Entries supplied:
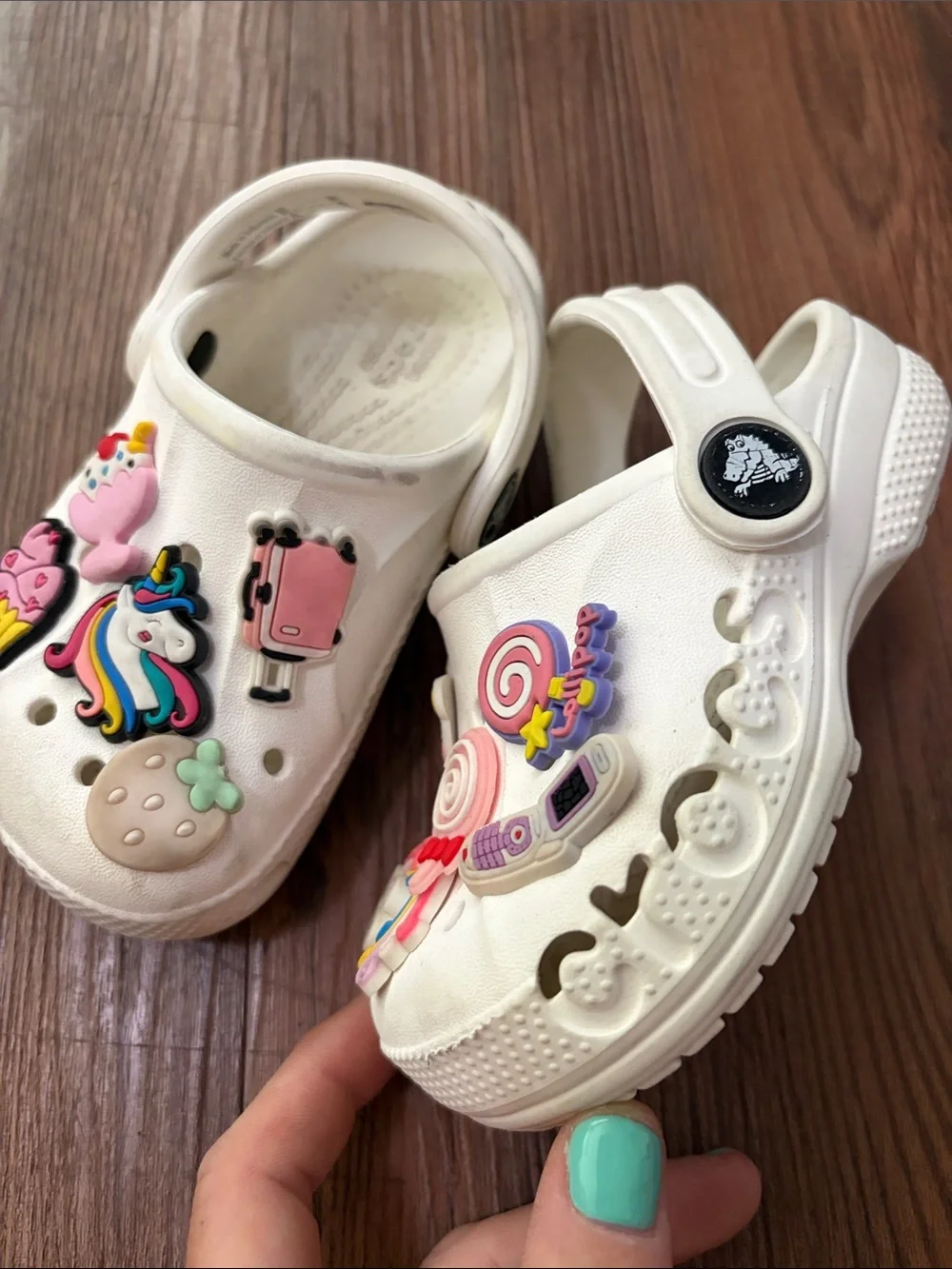 CROCS 5-Pack Summer Jibbitz Shoe Charms,infant sz.7!Good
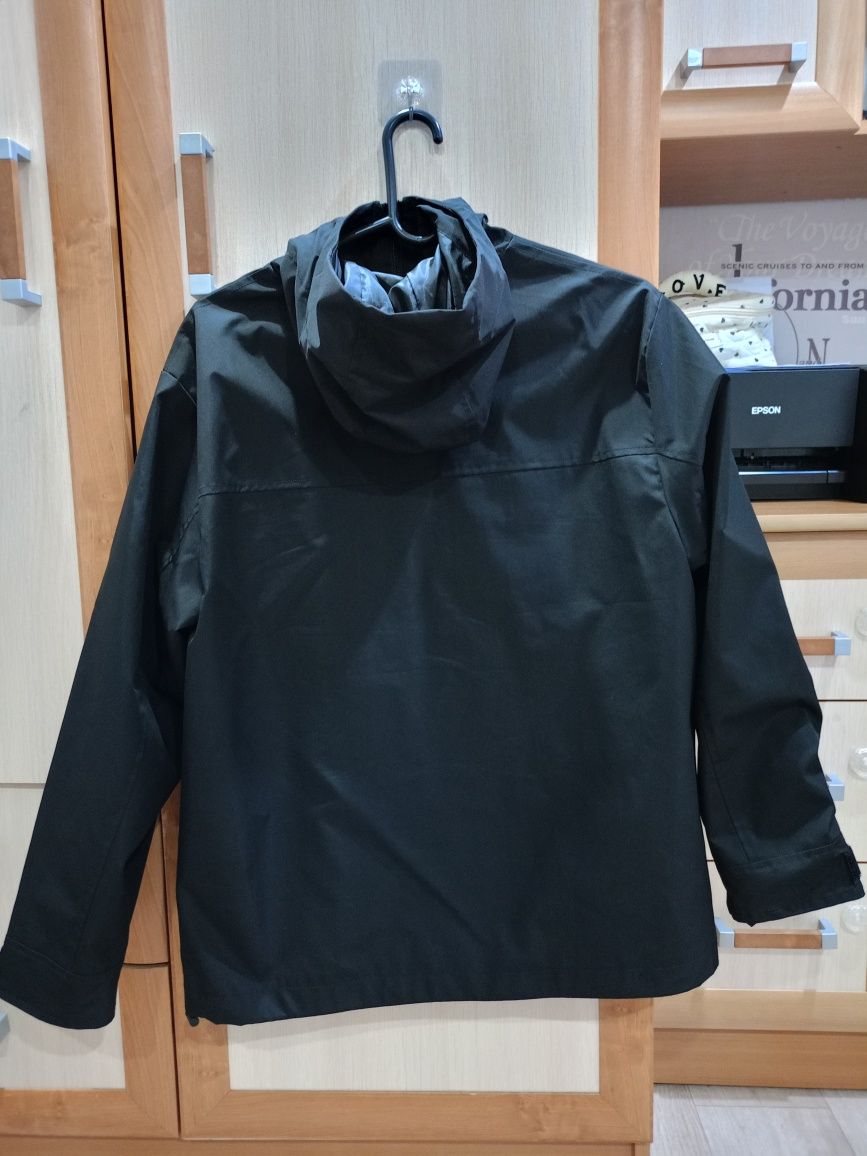 Продам куртку Arcteryx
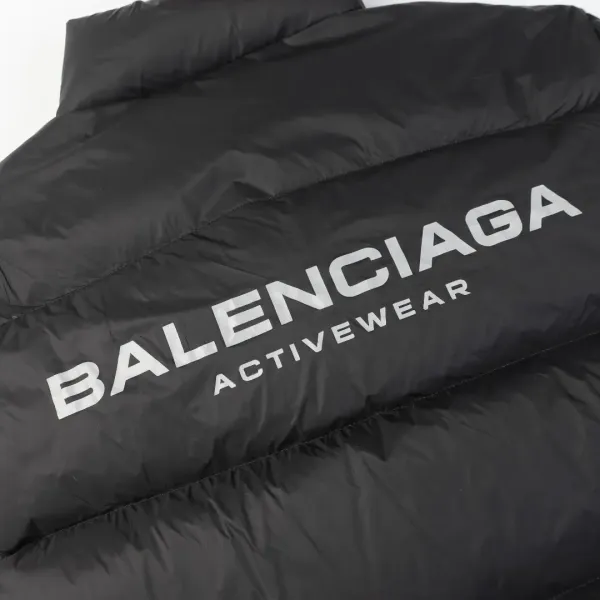 【BALENCIAGA 公式旗艦店】バレンシアガ ダウンジャケット ご好評に付き再入荷!241024 【BALENCIAGA 公式旗艦店】バレンシアガ ダウンジャケット ご好評に付き再入荷!241024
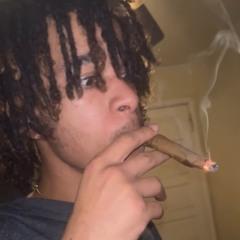 Blueberry kruffin @moxxiedied [old]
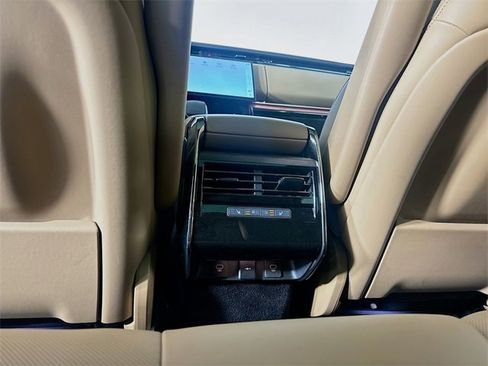 Used 2024 Land Rover Range Rover Sport SE image 26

Problem:
Line by line, restate the data above exactly as it stands, minus the pictures.

Solution for this problem:
 CROCS 5-Pack Summer Jibbitz Shoe Charms,infant sz.7!Good
 Продам куртку Arcteryx
 【BALENCIAGA 公式旗艦店】バレンシアガ ダウンジャケット ご好評に付き再入荷!241024 【BALENCIAGA 公式旗艦店】バレンシアガ ダウンジャケット ご好評に付き再入荷!241024
 Blueberry kruffin @moxxiedied [old]
 Used 2024 Land Rover Range Rover Sport SE image 26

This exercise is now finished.